During this Coronavirus emergency, Blue Sky Counseling Services is now providing on-line virtual therapy with Virtual Visits. If you wish to take advantage of these opportunities, please let Joanne know of your interest and read and sign the following consent form.
Definition of Virtual Visits - Virtual Visits (commonly known as "Telehealth") involves the use of electronic communications to enable Blue Sky Counseling Services, PLLC's to connect with individuals using interactive video and audio communications.
Virtual Visits allows me to diagnose, consult, treat and educate using interactive audio and video communication. I hereby consent to participating in therapy via Doxy.me- a HIPAA compliant video conferencing platform, Google Hangouts Meet or a combination of face-to-face therapy and Virtual Visits.
I understand I have the following rights under this agreement:
I have a right to confidentiality with Virtual Visits under the same laws that protect the confidentiality of my medical information for in-person therapy. Any information disclosed by me during the course of my therapy, therefore, is generally confidential.
There are, by law, exceptions to confidentiality, including mandatory reporting of child, elder, and dependent adult abuse and any threats of violence I may make towards a reasonably identifiable person. I also understand that if I am in such mental or emotional condition to be a danger to myself or others, Joanne has the right to break confidentiality to prevent the threatened danger. Further, I understand that the dissemination of any personally identifiable images or information from the Virtual Visits interaction to any other entities shall not occur without my written consent.
I understand that while therapeutic treatment of all kinds has been found to be effective in treating a wide range of mental disorders, personal and relational issues, there is no guarantee that all treatment of all clients will be effective. Thus, I understand that while I may benefit from Virtual Visits, results cannot be guaranteed or assured.
I further understand that there are risks unique and specific to Virtual Visits, including but not limited to, the possibility that our therapy sessions or other communication by my therapist to others regarding my treatment could be disrupted or distorted by technical failures or could be interrupted or could be accessed by unauthorized persons.
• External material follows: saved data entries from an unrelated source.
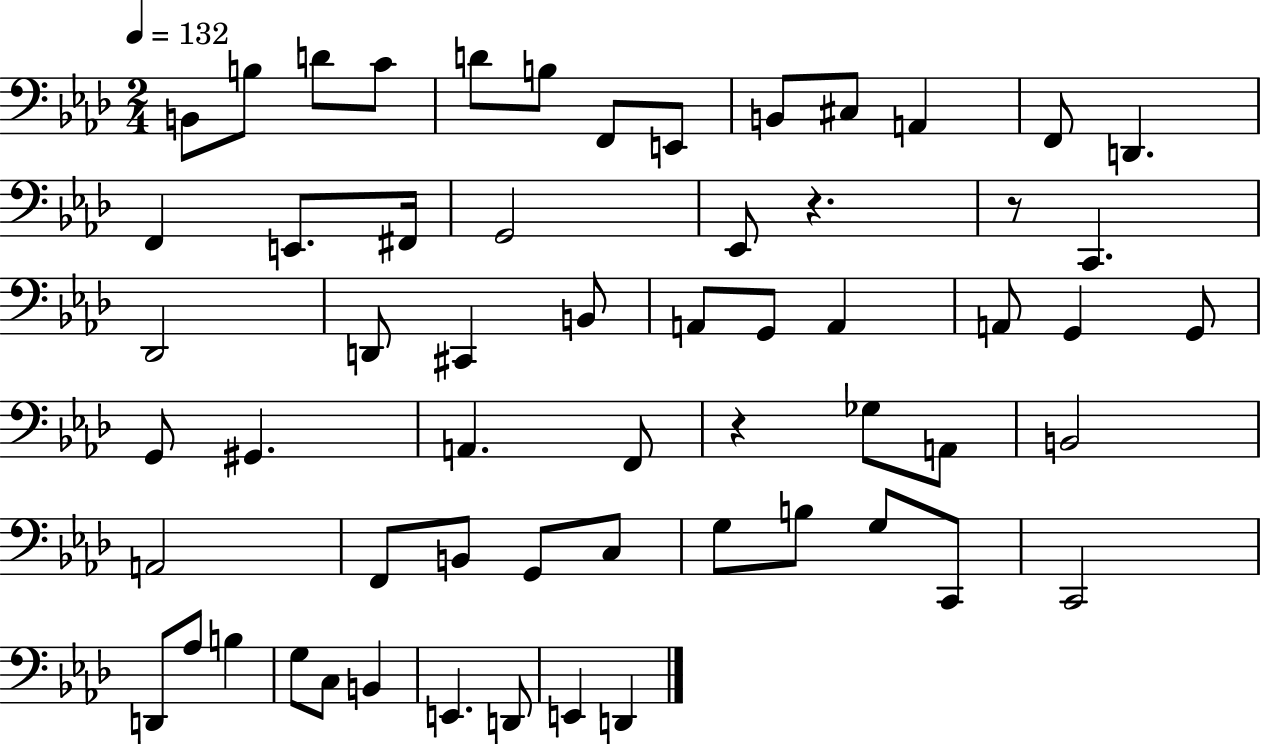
{
  \clef bass
  \numericTimeSignature
  \time 2/4
  \key aes \major
  \tempo 4 = 132
  b,8 b8 d'8 c'8 | d'8 b8 f,8 e,8 | b,8 cis8 a,4 | f,8 d,4. | \break f,4 e,8. fis,16 | g,2 | ees,8 r4. | r8 c,4. | \break des,2 | d,8 cis,4 b,8 | a,8 g,8 a,4 | a,8 g,4 g,8 | \break g,8 gis,4. | a,4. f,8 | r4 ges8 a,8 | b,2 | \break a,2 | f,8 b,8 g,8 c8 | g8 b8 g8 c,8 | c,2 | \break d,8 aes8 b4 | g8 c8 b,4 | e,4. d,8 | e,4 d,4 | \break \bar "|."
}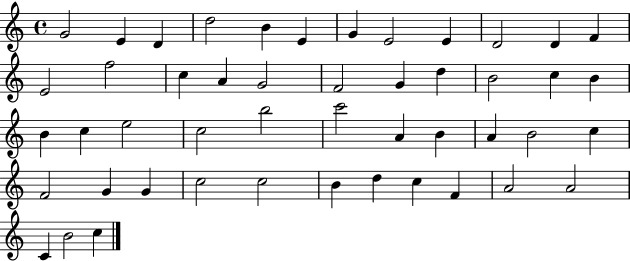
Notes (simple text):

G4/h E4/q D4/q D5/h B4/q E4/q G4/q E4/h E4/q D4/h D4/q F4/q E4/h F5/h C5/q A4/q G4/h F4/h G4/q D5/q B4/h C5/q B4/q B4/q C5/q E5/h C5/h B5/h C6/h A4/q B4/q A4/q B4/h C5/q F4/h G4/q G4/q C5/h C5/h B4/q D5/q C5/q F4/q A4/h A4/h C4/q B4/h C5/q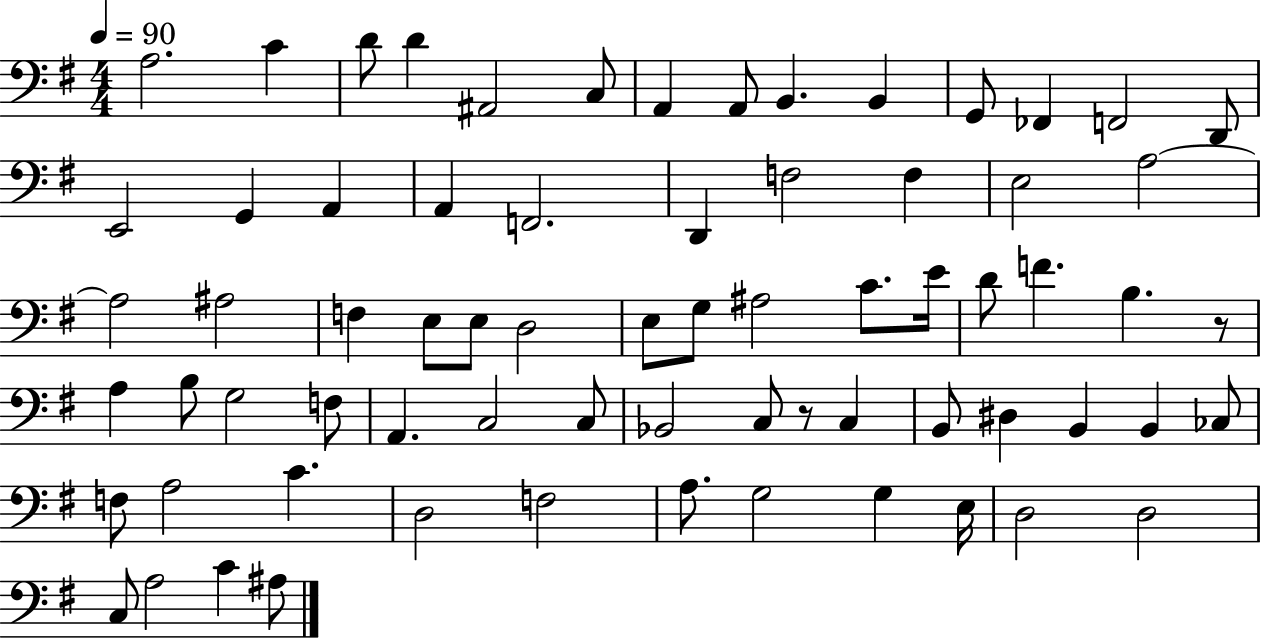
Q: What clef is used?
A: bass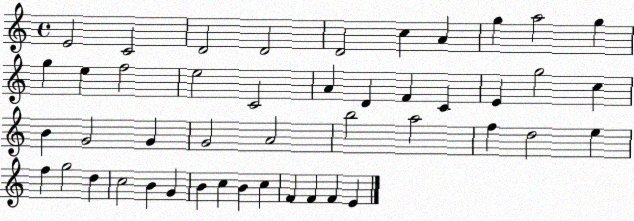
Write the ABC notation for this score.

X:1
T:Untitled
M:4/4
L:1/4
K:C
E2 C2 D2 D2 D2 c A g a2 g g e f2 e2 C2 A D F C E g2 c B G2 G G2 A2 b2 a2 f d2 e f g2 d c2 B G B c B c F F F E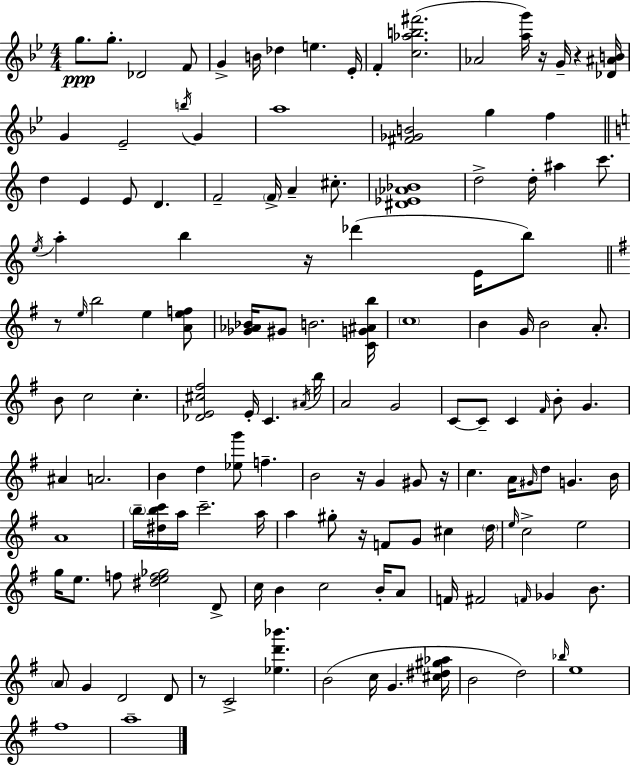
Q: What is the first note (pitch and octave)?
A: G5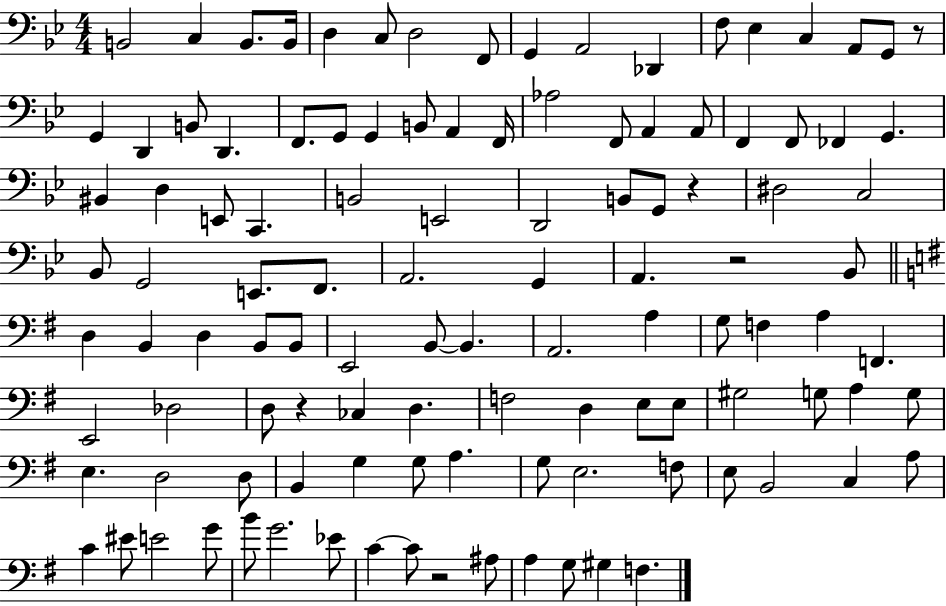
B2/h C3/q B2/e. B2/s D3/q C3/e D3/h F2/e G2/q A2/h Db2/q F3/e Eb3/q C3/q A2/e G2/e R/e G2/q D2/q B2/e D2/q. F2/e. G2/e G2/q B2/e A2/q F2/s Ab3/h F2/e A2/q A2/e F2/q F2/e FES2/q G2/q. BIS2/q D3/q E2/e C2/q. B2/h E2/h D2/h B2/e G2/e R/q D#3/h C3/h Bb2/e G2/h E2/e. F2/e. A2/h. G2/q A2/q. R/h Bb2/e D3/q B2/q D3/q B2/e B2/e E2/h B2/e B2/q. A2/h. A3/q G3/e F3/q A3/q F2/q. E2/h Db3/h D3/e R/q CES3/q D3/q. F3/h D3/q E3/e E3/e G#3/h G3/e A3/q G3/e E3/q. D3/h D3/e B2/q G3/q G3/e A3/q. G3/e E3/h. F3/e E3/e B2/h C3/q A3/e C4/q EIS4/e E4/h G4/e B4/e G4/h. Eb4/e C4/q C4/e R/h A#3/e A3/q G3/e G#3/q F3/q.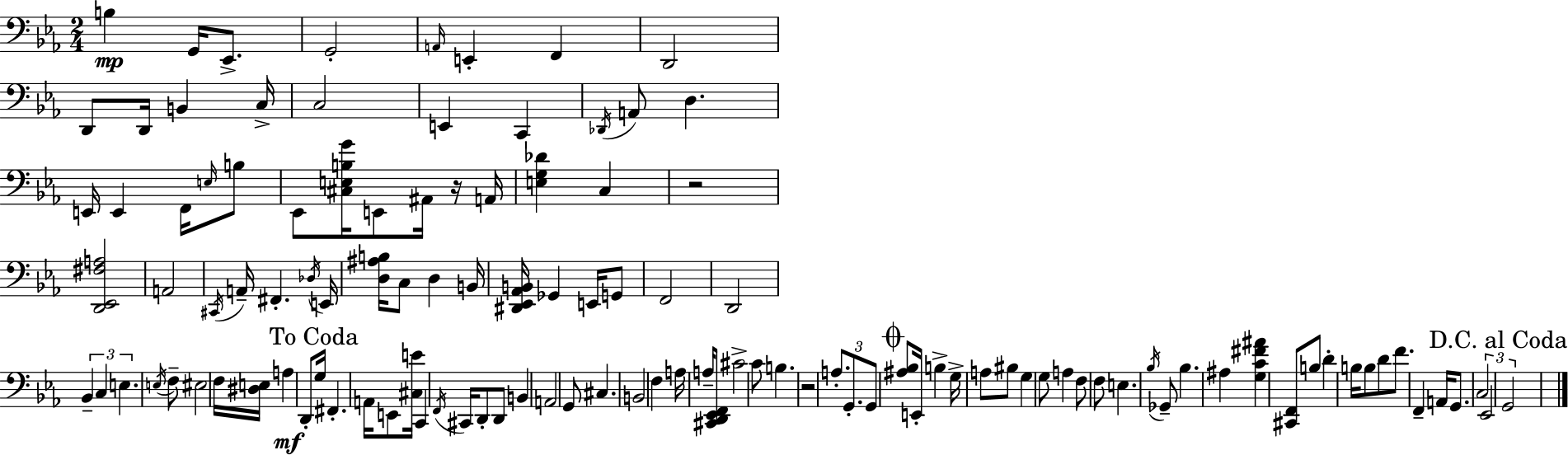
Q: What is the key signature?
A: EES major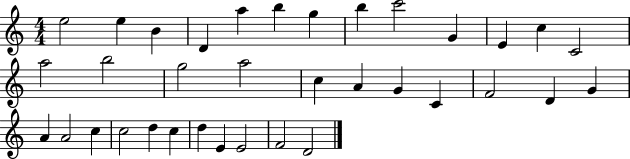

In addition, I understand that Virtual Visits treatment is different from in-person therapy and that if Joanne believes I would be better served by another form of therapeutic services, such as in-person treatment, I may offer this or I may be referred to a therapist in my geographic area that can provide such services.
I have read and understand the information provided above. I have the right to discuss any of this information with Joanne and to have any questions I may have regarding my treatment answered to my satisfaction.
I further attest that since I have chosen this form of communication I have been advised that it may not be covered by my insurance company and that I am responsible for any fees incurred during therapy which incorporates telecommunication.
I understand that I may revoke this consent at any time by giving written notice. I may specify the date, event, or condition on which this consent expires. If none is stated, and if no prior notice of revocation is received, this consent will expire one year after the date it was initiated.